* [Description of the task] Each record must be written out again exactly. Skip any picture it contains.

Data extracted from a collection:
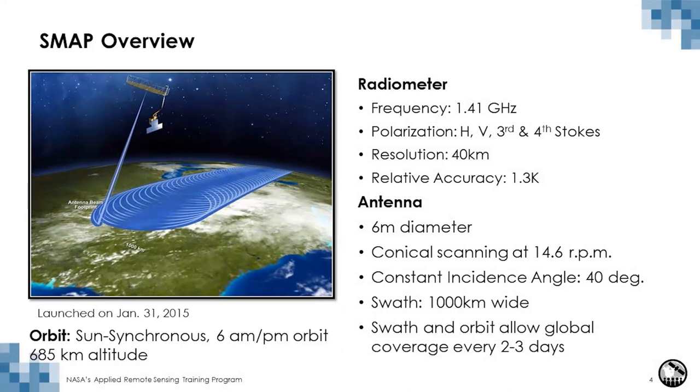Why measure soil moisture from space? The limitations of measuring soil moisture are that there are few ground stations around the world, and measurements at ground stations might not be representative of the surrounding landscape because they don't capture that heterogeneity. The advantage of measuring from space is that measurements can be done on a continuous basis, at global scales, and applying the same methodology.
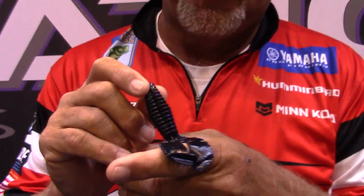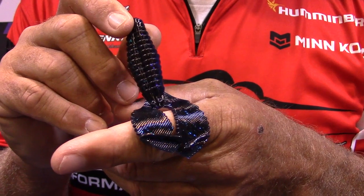Hey guys, Bassmaster Elite Series Pro Matt Heron coming to you from the 2019 iCast. There ain't no secret, this has been out about a month. This is my baby, the new Reaction Innovation Spicy Beaver.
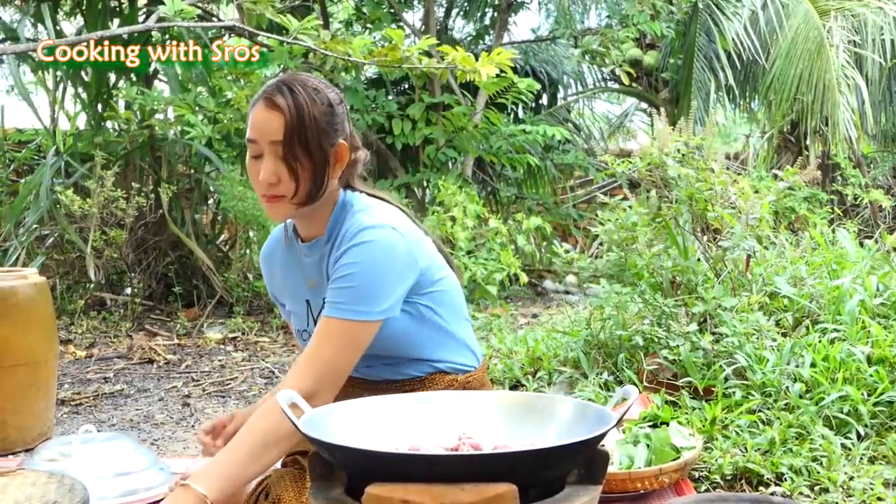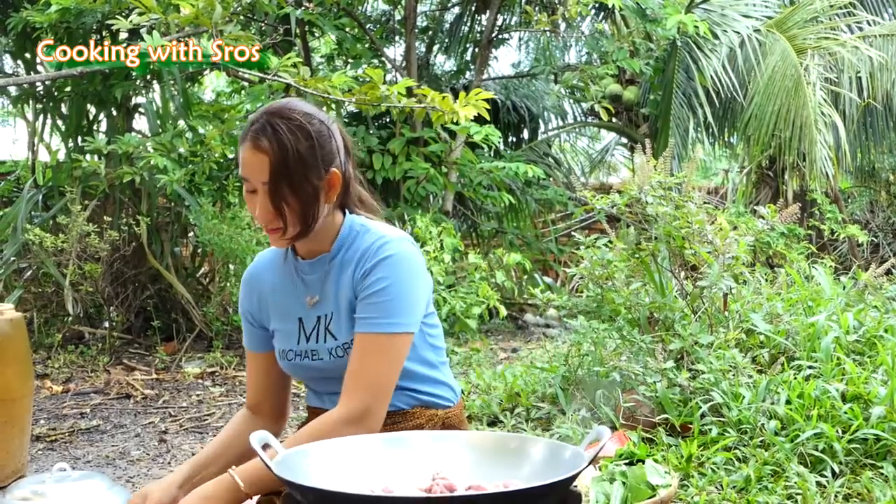Add fish sauce, then sugar, then salt, and then hoisin sauce.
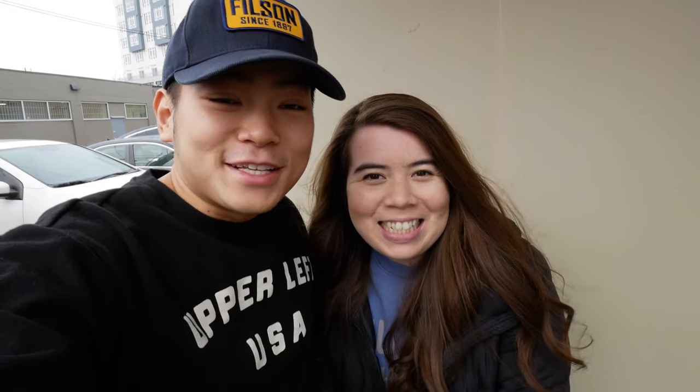Hey guys, it's Huy here. Just realized we have no audio for the intro, so here's my attempt at a voiceover. What's up, you guys? Welcome back to our channel and welcome back to another video. Today we are trying Vietnamese food — something new — and we thought we would bring you guys along. We're trying Vietnamese snail and clams and some other things, so let's go.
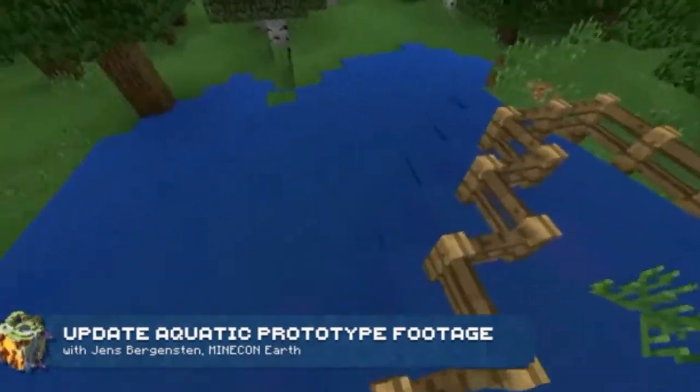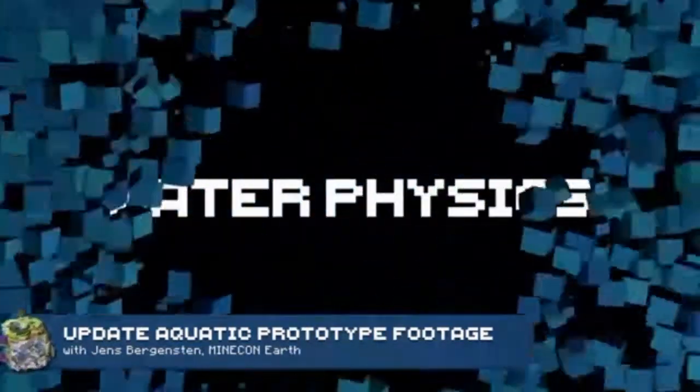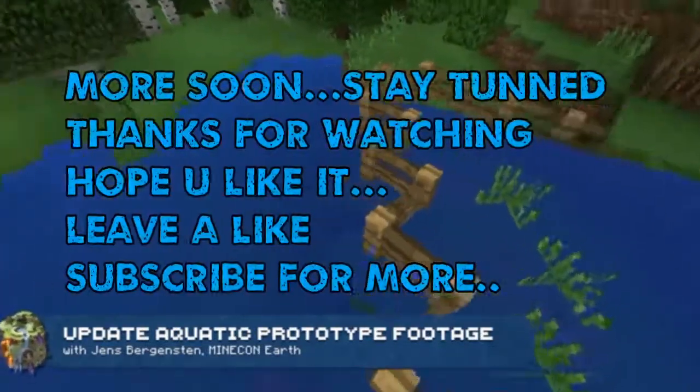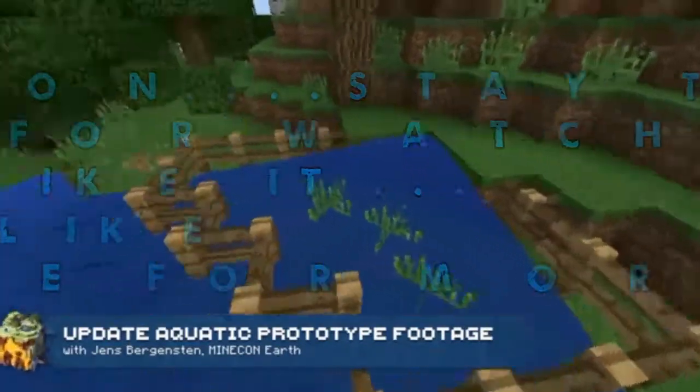It also kind of makes sense that you have more proper water movement through this box. We are aware that this will come with a lot of new behaviors, so we're gonna try things out and see how it works. The main goal is to make it easier to build underwater.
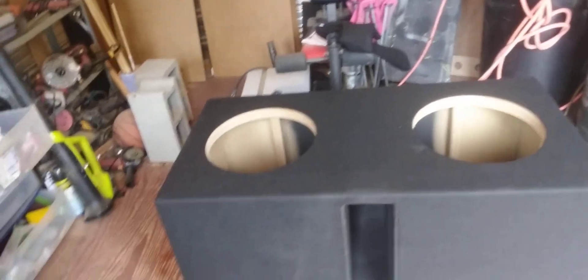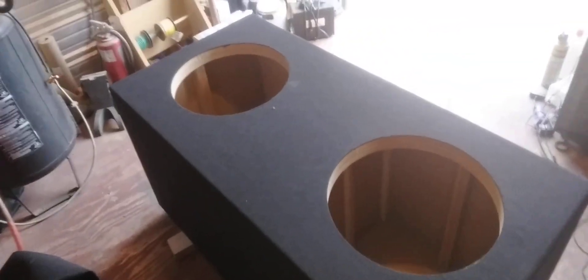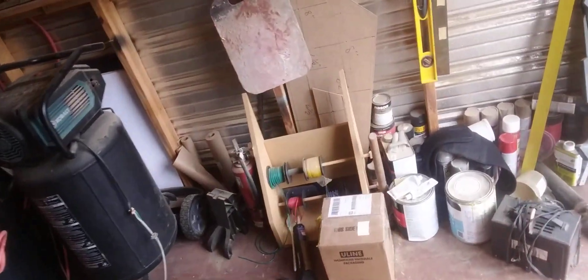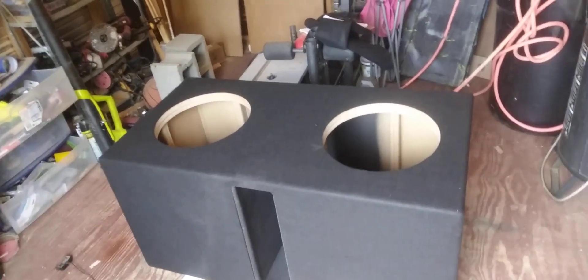Not too much detail on this one other than a nice neat box. When I pulled the specs up I was like, 'that's not that big of a box,' but when I started putting it together this thing is huge. The video's not going to do it justice — these boxes are getting incredibly large. I just did one for three Skar ZBX 15s, and now I'm doing one for two, which is not much smaller.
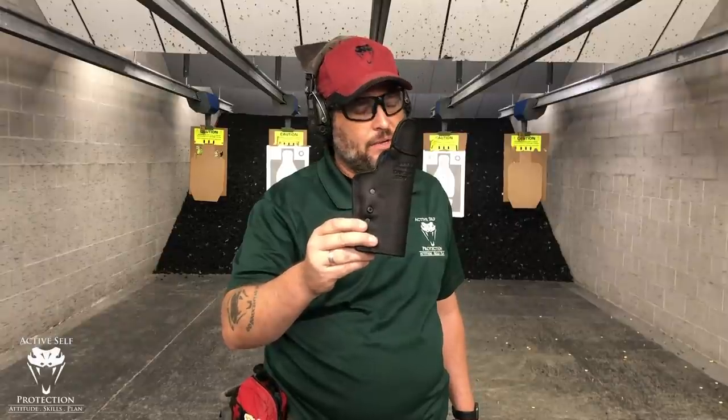Hi everybody, welcome to Active Self-Protection Extra. We're here at C2 Tactical in Scottsdale today for Sunday's gear review. Thank you to Big Tex's Outdoors for bringing it.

* [Answer section]
Why measure soil moisture from space? The limitations of measuring soil moisture are that there are few ground stations around the world, and measurements at ground stations might not be representative of the surrounding landscape because they don't capture that heterogeneity. The advantage of measuring from space is that measurements can be done on a continuous basis, at global scales, and applying the same methodology.
Hey guys, Bassmaster Elite Series Pro Matt Heron coming to you from the 2019 iCast. There ain't no secret, this has been out about a month. This is my baby, the new Reaction Innovation Spicy Beaver.
Add fish sauce, then sugar, then salt, and then hoisin sauce.
Hey guys, it's Huy here. Just realized we have no audio for the intro, so here's my attempt at a voiceover. What's up, you guys? Welcome back to our channel and welcome back to another video. Today we are trying Vietnamese food — something new — and we thought we would bring you guys along. We're trying Vietnamese snail and clams and some other things, so let's go.
It also kind of makes sense that you have more proper water movement through this box. We are aware that this will come with a lot of new behaviors, so we're gonna try things out and see how it works. The main goal is to make it easier to build underwater.
Not too much detail on this one other than a nice neat box. When I pulled the specs up I was like, 'that's not that big of a box,' but when I started putting it together this thing is huge. The video's not going to do it justice — these boxes are getting incredibly large. I just did one for three Skar ZBX 15s, and now I'm doing one for two, which is not much smaller.
Hi everybody, welcome to Active Self-Protection Extra. We're here at C2 Tactical in Scottsdale today for Sunday's gear review. Thank you to Big Tex's Outdoors for bringing it.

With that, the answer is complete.